With clouds predicted across U.S., travel to Adirondacks may increase

The skies are looking mostly clear for Monday, the day of the total solar eclipse, according to meteorologists.

With near-optimal viewing conditions predicted here, and cloudy skies predicted in many areas along the April 8 path of totality to the south and west, Adirondack Sky Center and Observatory President Seth McGowan said he’s been hearing from eclipse chasers who are changing their plans and coming up here to see the sun blotted out.

“The entire southwest is looking pretty crappy,” McGowan said. “We’ve been fielding calls all week long from people that are changing their plans. From Georgia, West Virginia, the Carolinas.”

But while the weather locally is turning around, the inches of snow that have fallen over the past few days will still be in the backcountry, where many people are planning to hike out into to view the eclipse, though local and state officials have urged hikers not to hike due to the wintry conditions.

Matthew Clay, a meteorologist with the National Weather Service station in Burlington, Vermont, said the NWS is predicting “mostly sunny skies” and dry conditions on Monday afternoon, when the eclipse will take place. They are expecting high, thin and wispy cirrus clouds to form later in the day, potentially post-eclipse.

Though they could intrude during the event, Clay added, “They would probably have very low impact on the actual viewing of it.”

Heavier clouds are predicted to be hanging in the south and west of the U.S.

For weeks, months and maybe years, people have wondered what the weather will be like on April 8, 2024. Now that they have a three-day prediction, McGowan said some are changing their plans.

ASCO Trustee Marc Staves said the eclipse die-hards book rooms in several places along the path of totality to not take any chances. If one location looks like it’s going to be cloudy, he said they bail and go to the next one.

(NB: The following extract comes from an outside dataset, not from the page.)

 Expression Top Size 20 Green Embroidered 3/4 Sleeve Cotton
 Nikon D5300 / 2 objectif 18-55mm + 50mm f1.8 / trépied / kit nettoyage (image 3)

“That’s what they do,” McGowan said.

Currently, the Adirondacks are in a low pressure system from the late-season nor’easter which blanketed the region in snow yet again for the past three days, Clay said. He said a high pressure is expected to be coming in to push that off shore.

“If you’re going to get clear skies, you pretty much need high pressure,” he said.

The sky is expected to remain cloudy through Saturday and break its cloudy pattern on Sunday.

Clay said temperatures on Monday are predicted to be in the low- to mid-50s on ground level. In the mountains it will be lower, in the mid-40s, he said.

The Tri-Lakes were hit with between 4 and 8 inches of snow in the storm this week. Clay said with temperatures warming into the mid- to upper 30s — and then into the 50s — over the weekend, this could fully melt the snow in low elevations before the eclipse-watching crowds head out to their viewing locations.

But there will still be plenty of snow around on the mountains. Clay said the snowfall and warming present dangerous potentials for slippery ice and avalanches.

“If people are going to go out there they definitely need to be prepared for the conditions,” Clay said.

While snowshoes and foot traction devices are recommended for hiking on Monday, Clay added that “There’s plenty of places you can see the eclipse without being on the top of a mountain.”